Data for analysis |
=== Begin Enclosure ===

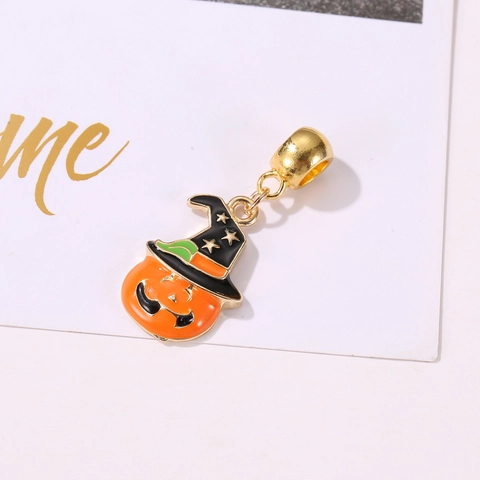 Halloween Pumpkin Witch Hat Alloy Enamel Charms For DIY Bracelet Necklace Making Jewelry Findings Pendants Gift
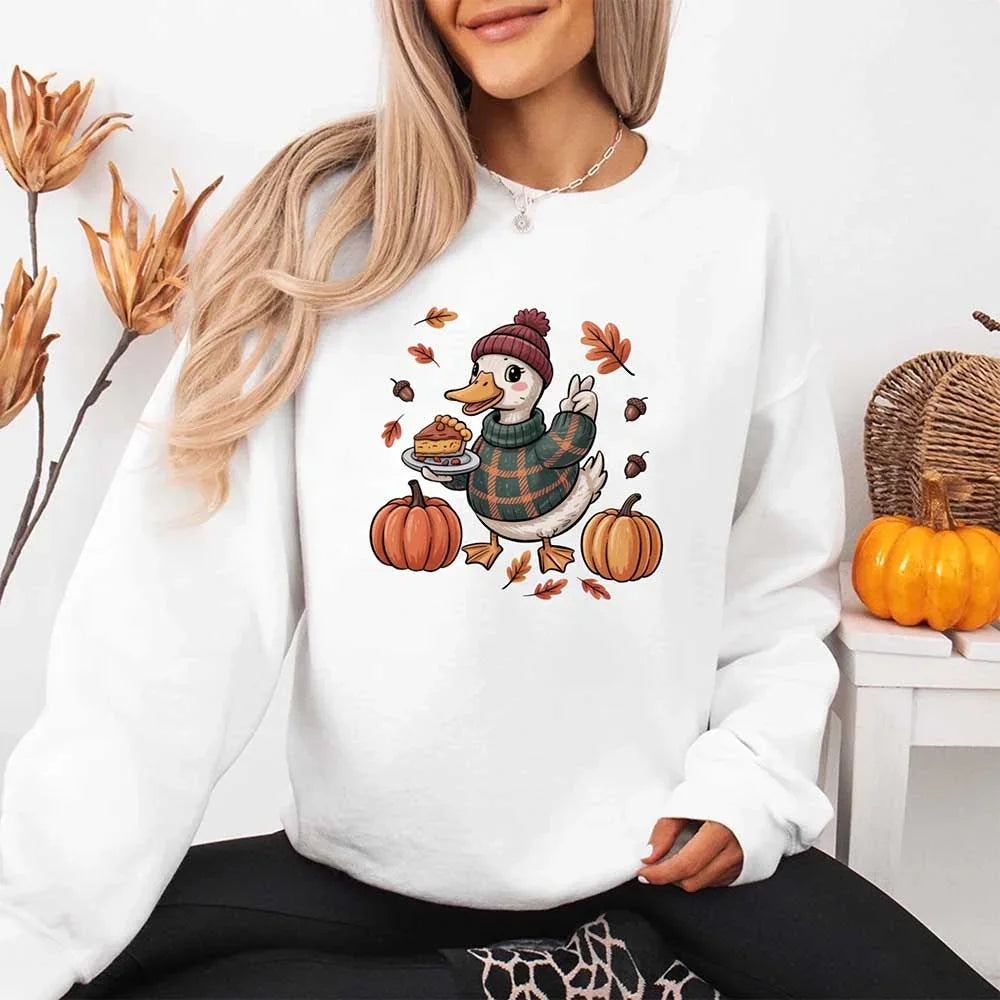 Duck Fall Sweatshirt – Cottagecore Autumn Vibes with Coffee & Pumpkins Crewneck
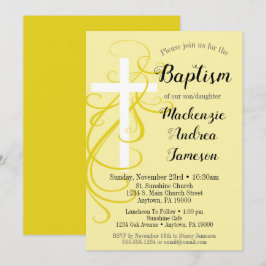 Niño Chica de invitación a bañador de cruz amarill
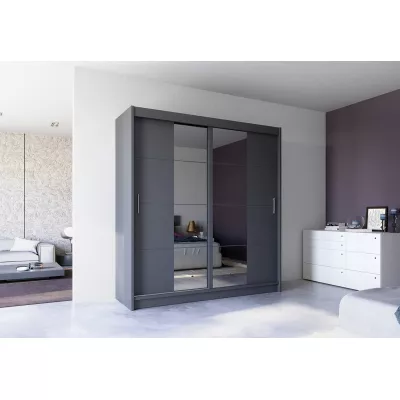 Zrcadlová šatní skříň 203 JOLANTA - grafitová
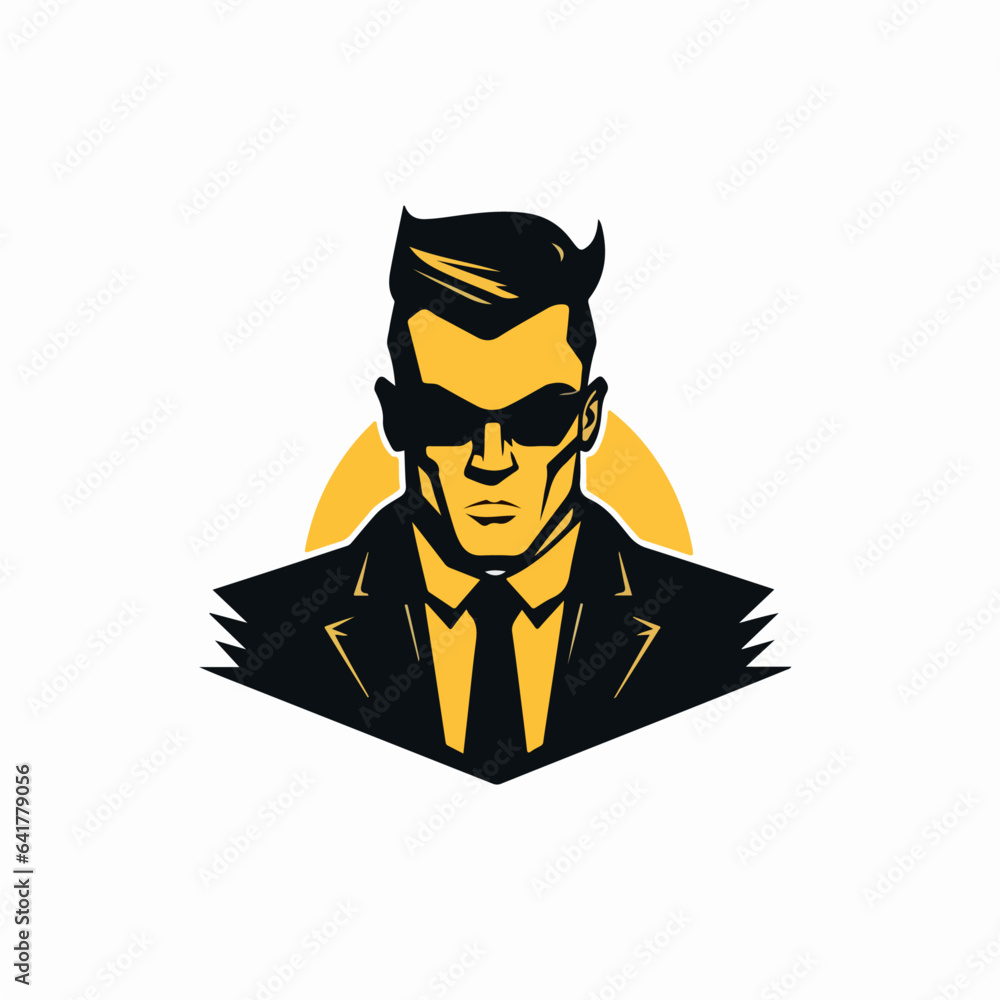 Secret Agent character cartoon logo vector symbol Secret Agent character cartoon logo vector symbol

=== End Enclosure ===

Work task | Set down every entry above exactly as written. Leave out all pictures.

Solution to this task |
 Halloween Pumpkin Witch Hat Alloy Enamel Charms For DIY Bracelet Necklace Making Jewelry Findings Pendants Gift
 Duck Fall Sweatshirt – Cottagecore Autumn Vibes with Coffee & Pumpkins Crewneck
 Niño Chica de invitación a bañador de cruz amarill
 Zrcadlová šatní skříň 203 JOLANTA - grafitová
 Secret Agent character cartoon logo vector symbol Secret Agent character cartoon logo vector symbol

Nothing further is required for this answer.